After months of uncertainty and debate about what changes would be made to the Federal estate and gift tax (transfer tax), the newly minted American Taxpayer Relief Act (the “Act”) has provided answers that many were anxiously awaiting. While many believed the estate and gift tax landscape would undergo significant change from the taxpayer-friendly laws of the past few years, the end result looks surprisingly similar to that of 2012.
A little background information is necessary to fully understand the significance of the effect of the Act. Absent the newly passed laws, beginning in 2013 the estate and gift tax exclusion amount would have reverted back down to $1 million for each individual (from $5.12 million in 2012) and the maximum tax rate would have increased to 55% (from 35% in 2012). As you can see, there was the possibility of substantial change in 2013, and while many expected the final numbers would fall somewhere in between the two extremes, few predicted the actual outcome.

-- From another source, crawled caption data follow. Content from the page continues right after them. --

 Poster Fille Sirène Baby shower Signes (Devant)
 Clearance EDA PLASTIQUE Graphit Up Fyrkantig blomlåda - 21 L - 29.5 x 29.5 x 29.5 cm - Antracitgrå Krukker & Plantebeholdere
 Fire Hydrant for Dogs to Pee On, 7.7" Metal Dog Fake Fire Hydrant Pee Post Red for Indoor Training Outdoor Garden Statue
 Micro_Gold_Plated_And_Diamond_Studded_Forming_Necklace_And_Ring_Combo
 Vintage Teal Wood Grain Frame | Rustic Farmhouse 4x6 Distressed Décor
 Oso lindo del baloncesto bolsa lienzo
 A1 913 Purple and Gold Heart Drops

After passage of the Act, the estate and gift tax exclusion amount (unified credit) will remain at $5 million (adjusted for inflation, so roughly $5.25 million) for each individual, which means that someone who dies in 2013 with an estate of less than $5 million pays no Federal estate tax, assuming they had not used up any of their exclusion amount during life through gifting. Also, the generation skipping transfer tax will get the same treatment, remaining at $5 million, adjusted for inflation. Needless to say, these are big wins for taxpayers with estates in excess of $1 million. Another victory for married taxpayers is the permanent status of portability, which allows a surviving spouse to use his or her deceased spouse’s unused unified credit amount. The one change is the top tax rate for estate and gift tax rising from 35% to 40%. While there are sure to be complaints about this increase, keep in mind that the top rate was set to be a staggering 55% had the new laws not taken effect.

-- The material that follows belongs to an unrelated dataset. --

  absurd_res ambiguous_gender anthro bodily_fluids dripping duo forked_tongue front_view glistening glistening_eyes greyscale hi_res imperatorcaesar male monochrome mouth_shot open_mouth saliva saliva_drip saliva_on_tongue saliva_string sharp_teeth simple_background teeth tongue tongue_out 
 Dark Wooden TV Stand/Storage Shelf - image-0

So how much does this change the estate plans of individuals and married couples? The answer depends on how those individuals and couples were told to plan for 2013 and beyond. The people most affected by the “new” laws may have been the ones who scrambled to make substantial year-end gifts in 2012 under the guidance that the $5.12 million estate and gift tax exclusion would drop significantly after December 31st. Needless to say, there are probably some people out there with gifter’s remorse. Regardless of where they stand or what they did in 2012, having some stability in the estate and gift tax landscape is welcomed by both professionals and clients alike.